Does arrow syntax make the code slow?
> {-# LANGUAGE Arrows, BangPatterns, NoImplicitPrelude #-}
> module BenchArrowSyntax where
> import Control.Arrow
> import Control.Category
> import Prelude hiding ((.), id)
>
> import Control.DeepSeq
> import Criterion.Main
Comparing performance of code written in below styles:
- Pure function, no Arrows (plain).
- Arrows, without syntax sugar (bitter).
- Arrows, with syntax sugar (sweet).
- Arrows, with syntax sugar, inlined (sweet-inline).
The GHC version used to benchmark this code was 7.0.3. The main function looks like this:
> main :: IO ()
> main =
> let !xs = let ys = [1..10000] in ys `deepseq` ys
> in defaultMain
> [ bench "plain" (whnf (map plain) xs)
> , bench "bitter" (whnf (unA bitter) xs)
> , bench "sweet" (whnf (unA sweet) xs)
> , bench "sweet-inline" (whnf (unB sweet_inline) xs)
> ]
Showing the result of running the compiled code:
$ ghc --make -O2 -o a.out -main-is BenchArrowSyntax BenchArrowSyntax.lhs
[1 of 1] Compiling BenchArrowSyntax ( bench_arrow_syntax.lhs, bench_arrow_syntax.o )
Linking a.out ...
$ ./a.out
warming up
estimating clock resolution...
mean is 16.06060 us (40001 iterations)
found 2976 outliers among 39999 samples (7.4%)
1930 (4.8%) high mild
1041 (2.6%) high severe
estimating cost of a clock call...
mean is 103.2901 ns (61 iterations)
benchmarking plain
mean: 29.50057 ns, lb 29.43500 ns, ub 29.60982 ns, ci 0.950
std dev: 422.9860 ps, lb 275.5593 ps, ub 700.1025 ps, ci 0.950
benchmarking bitter
mean: 29.60260 ns, lb 29.57317 ns, ub 29.63793 ns, ci 0.950
std dev: 164.7924 ps, lb 139.0684 ps, ub 196.2178 ps, ci 0.950
benchmarking sweet
mean: 261.4728 ns, lb 261.1549 ns, ub 261.9058 ns, ci 0.950
std dev: 1.876539 ns, lb 1.454937 ns, ub 3.033409 ns, ci 0.950
benchmarking sweet-inline
mean: 135.2866 ns, lb 134.9794 ns, ub 135.5847 ns, ci 0.950
std dev: 1.552157 ns, lb 1.412139 ns, ub 1.726597 ns, ci 0.950
It shows that the code written with arrow syntax runs about 9 times slower than the others, and there's not so much difference between plain function from arrow codes written without syntax sugar.
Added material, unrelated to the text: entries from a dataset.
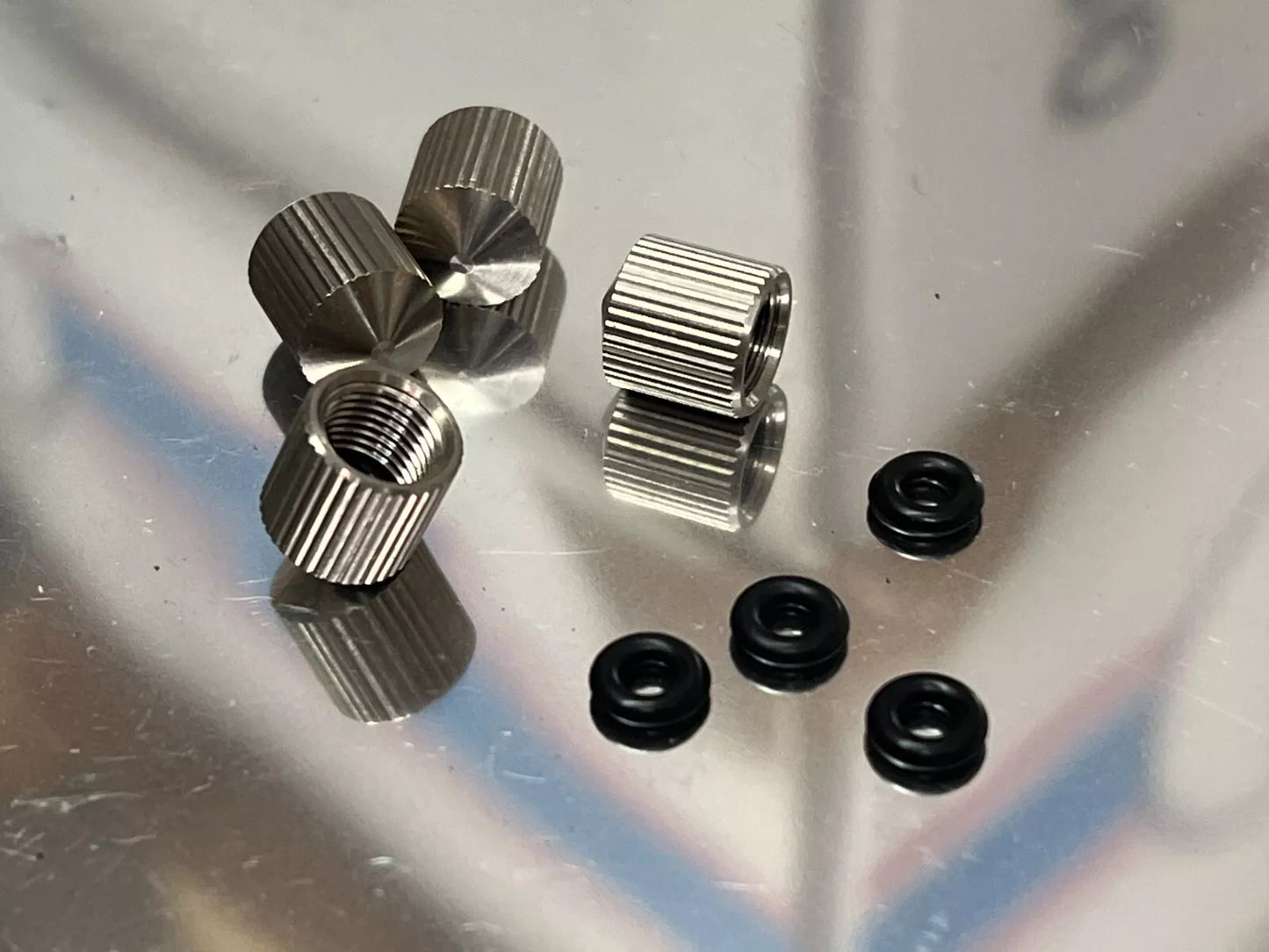 4x Titanium Valve Stem Cap Set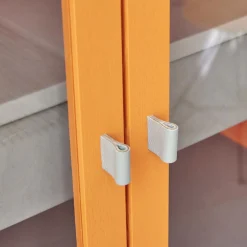 Form Exclusiv Vitrinen & Highboards|Vitrine Hampton Eiche Massiv Geölt Offenporig Lackiert In Pantone Orange Tür Klarglas Mit Ledergriffen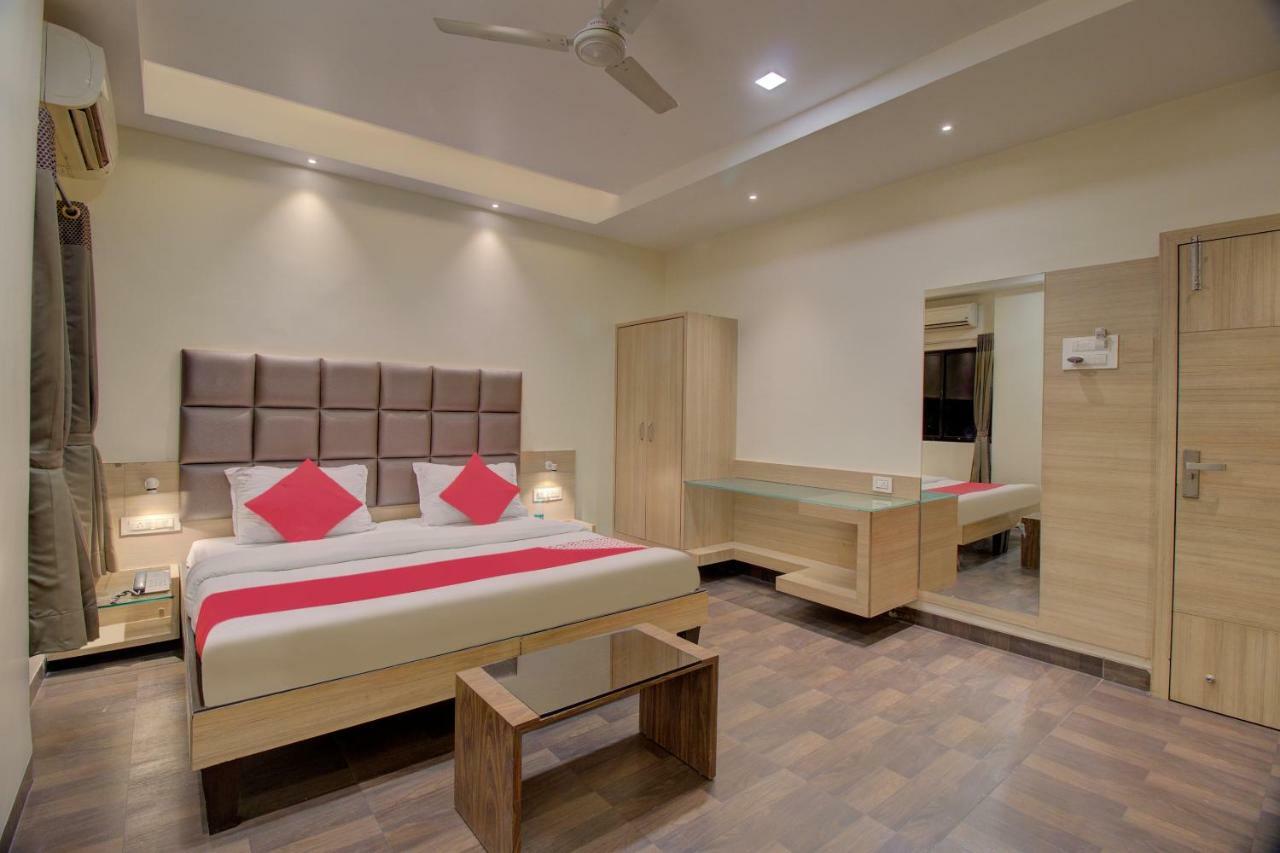Oyo 35844 Hotel Lotus Residency Sāngli Buitenkant foto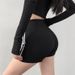 Women's Peach Shaped Fit Sports Shorts Elastic Running Yoga Three Point Pants Perfect For Summer No Awkward Lines_ecoleips.com
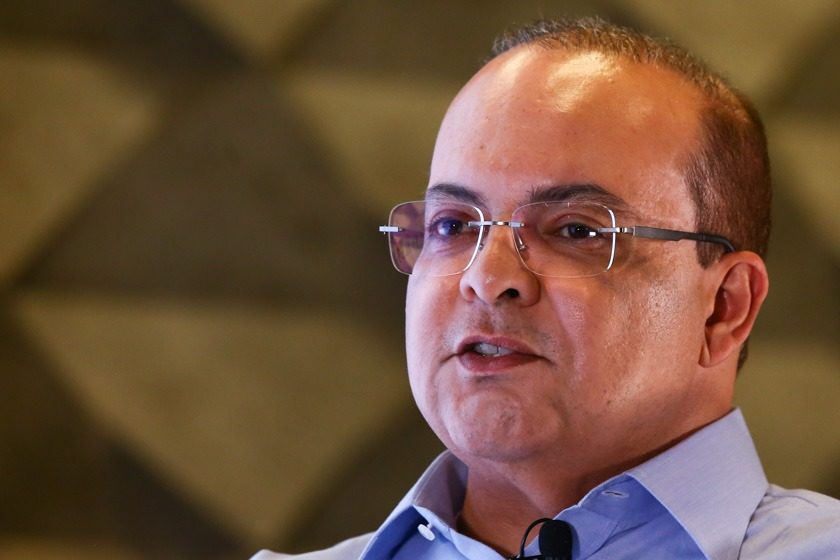 IBANEIS-ROCHA 'Radicalismo expõe pessoas a risco de saúde', diz governador do DF sobre protestos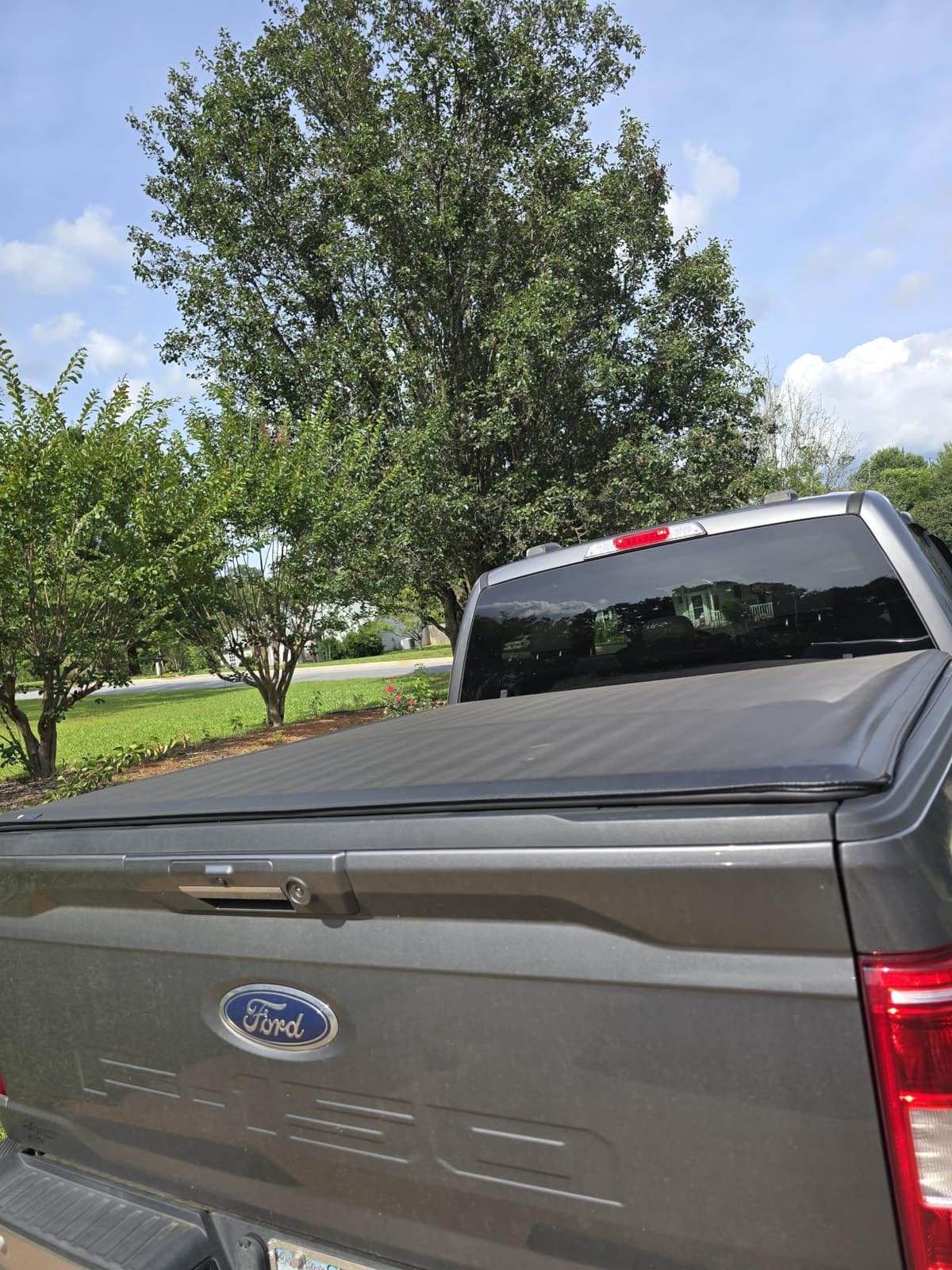 Tyger Auto T1 Soft Roll-up Truck Bed Tonneau Cover Compatible with 2021-2026 Ford F-150; Lightning | 5.5' (67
What's going on with arrow syntax?
Below 2 functions were used in this benchmark. Simple addition and
multiplication for Int
.
> func1 :: Int -> Int
> func1 = (+3)
>
> func2 :: Int -> Int
> func2 = (*7)
The type to implement Arrow
instance for bitter
and sweet
. It is a
simple newtype wrapper for mapping function over list.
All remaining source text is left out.